Task to complete>
Restate word for word all of the lines below, with each image left out.

Given information>
━━━━━━━━
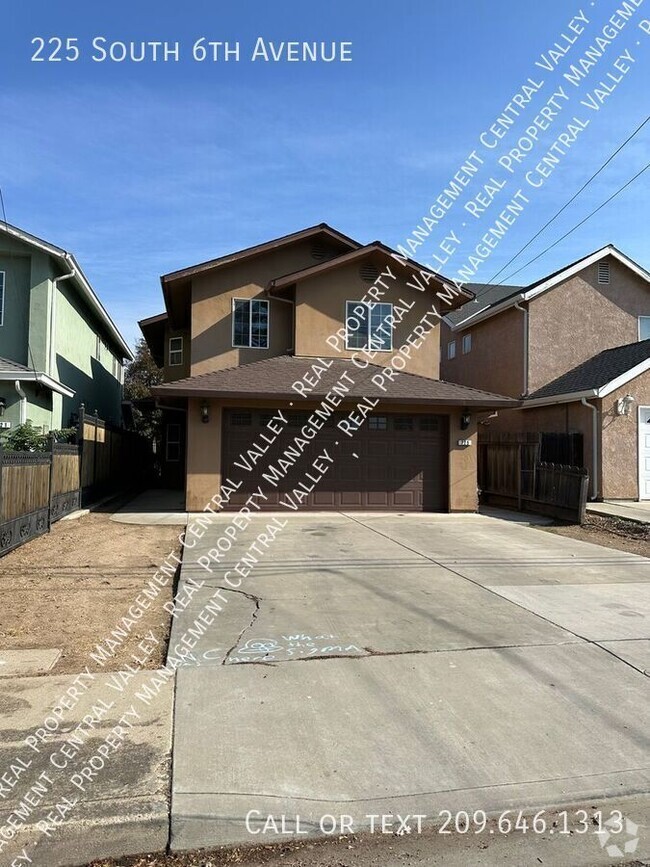 Building Photo - Oakdale Like New 3 Bedroom 2 Bath 2 Car Ga... Rental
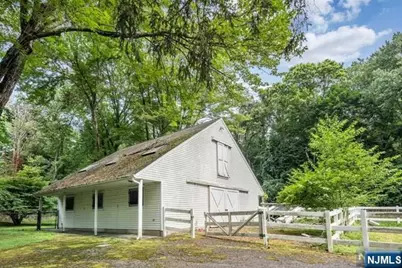 25 Ackerman Road, Saddle River, NJ 07458 - Photo 5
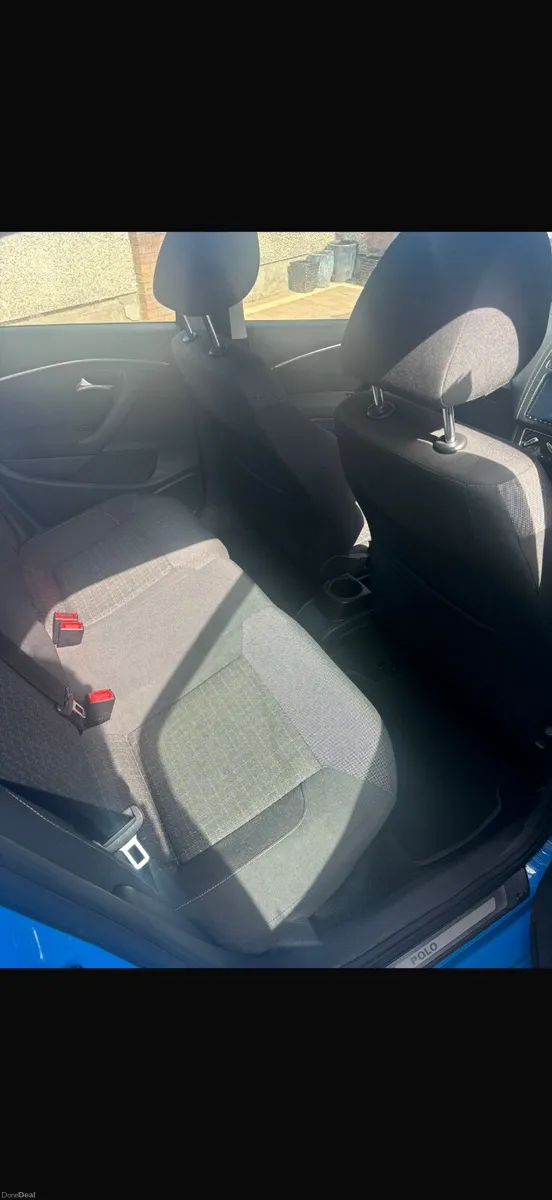 Volkswagen Polo 2015 - Image 5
━━━━━━━━
Task result>
 Building Photo - Oakdale Like New 3 Bedroom 2 Bath 2 Car Ga... Rental
 25 Ackerman Road, Saddle River, NJ 07458 - Photo 5
 Volkswagen Polo 2015 - Image 5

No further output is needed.